Are these estimates appropriate. Does it in anyway depend on the size of the
index & number of docs (assuming same number of segments in any case) as
well?
--
Regards,
Samarth
Re: Solr Open File Descriptors
Posted by samarth s <sa...@gmail.com>.
Thanks for sharing your insights shawn
On Mon, Oct 17, 2011 at 1:27 AM, Shawn Heisey <so...@elyograg.org> wrote:
> On 10/16/2011 12:01 PM, samarth s wrote:
>
>> Hi,
>>
>> Is it safe to assume that with a megeFactor of 10 the open file
>> descriptors
>> required by solr would be around (1+ 10) * 10 = 110
>> ref: *http://onjava.com/pub/a/**onjava/2003/03/05/lucene.html#**
>> indexing_speed*<http://onjava.com/pub/a/onjava/2003/03/05/lucene.html#indexing_speed*>
>> Solr wiki:
>> http://wiki.apache.org/solr/**SolrPerformanceFactors#**Optimization_**
>> Considerationsstates<http://wiki.apache.org/solr/SolrPerformanceFactors#Optimization_Considerationsstates>
>>
>> that FD's required per segment is around 7.
>>
>> Are these estimates appropriate.
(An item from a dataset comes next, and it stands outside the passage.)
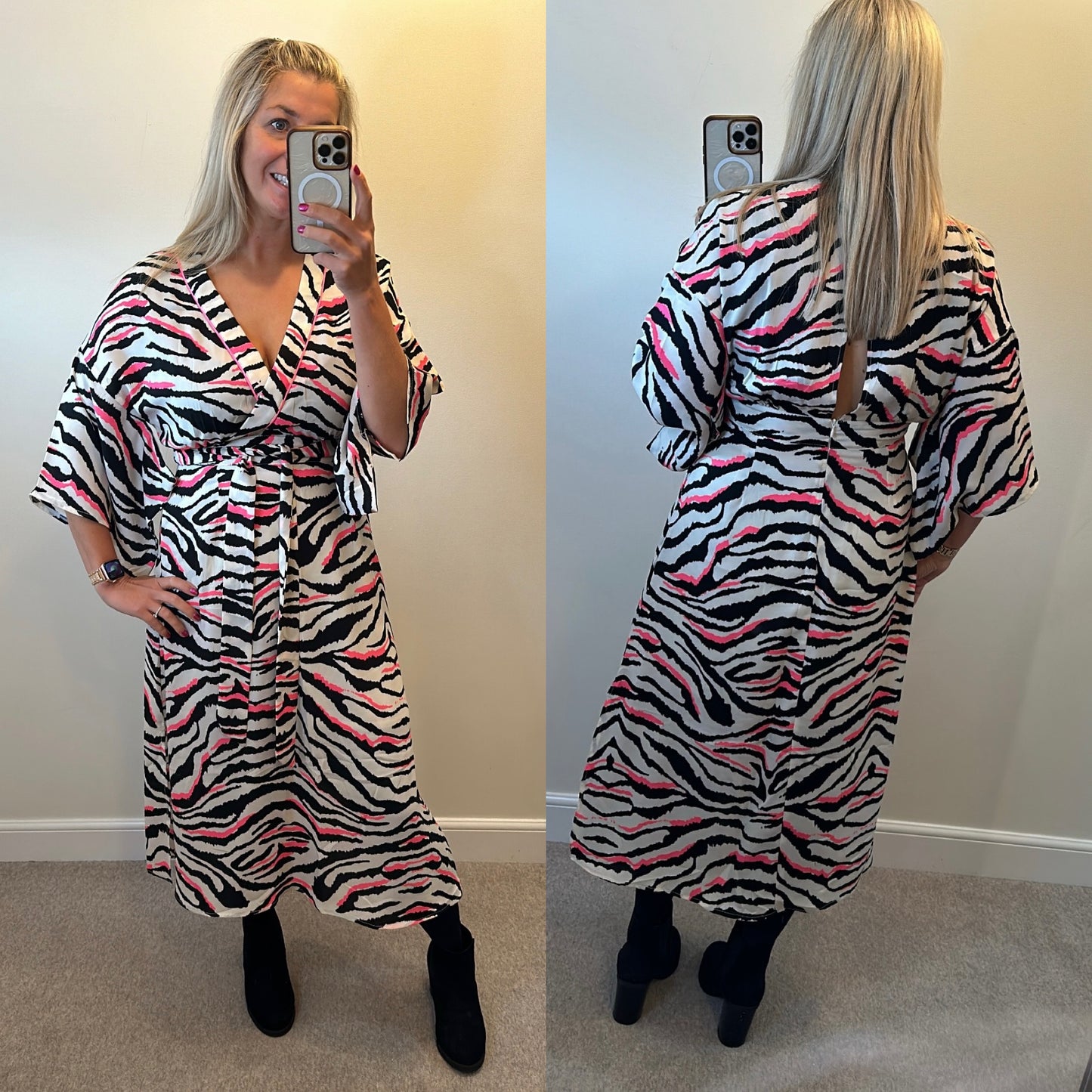 Zebra print dress would fit upto size 14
Does it in anyway depend on the size of
>> the
>> index& number of docs (assuming same number of segments in any case) as
>> well?
>>
>
> My index has 10 files per normal segment (the usual 7 plus three more for
> termvectors). Some of the segments also have a ".del" file, and there is a
> segments_* file and a segments.gen file. Your servlet container and other
> parts of the OS will also have to open files.
>
> I have personally seen three levels of segment merging taking place at the
> same time on a slow filesystem during a full-import, along with new content
> coming in at the same time. With a mergefactor of 10, each merge is 11
> segments - the ten that are being merged and the merged segment. If you
> have three going on at the same time, that's 33 segments, and you can have
> up to 10 more that are actively being built by ongoing index activity, so
> that's 43 potential segments. If your filesystem is REALLY slow, you might
> end up with even more segments as existing merges are paused for new ones to
> start, but if you run into that, you'll want to udpate your hardware, so I
> won't consider it.
>
> Multiplying 43 segments by 11 files per segment yields a working
> theoretical maximum of 473 files. Add in the segments files, you're up to
> 475.
>
> Most operating systems have a default FD limit that's at least 1024. If
> you only have one index (core) on your Solr server, Solr is the only thing
> running on that server, and it's using the default mergeFactor of 10, you
> should be fine with the default. If you are going to have more than one
> index on your Solr server (such as a build core and a live core), you plan
> to run other things on the server, or you want to increase your mergeFactor
> significantly, you might need to adjust the OS configuration to allow more
> file descriptors.
>
> Thanks,
> Shawn
>
>
--
Regards,
Samarth
Re: Solr Open File Descriptors
Posted by Shawn Heisey <so...@elyograg.org>.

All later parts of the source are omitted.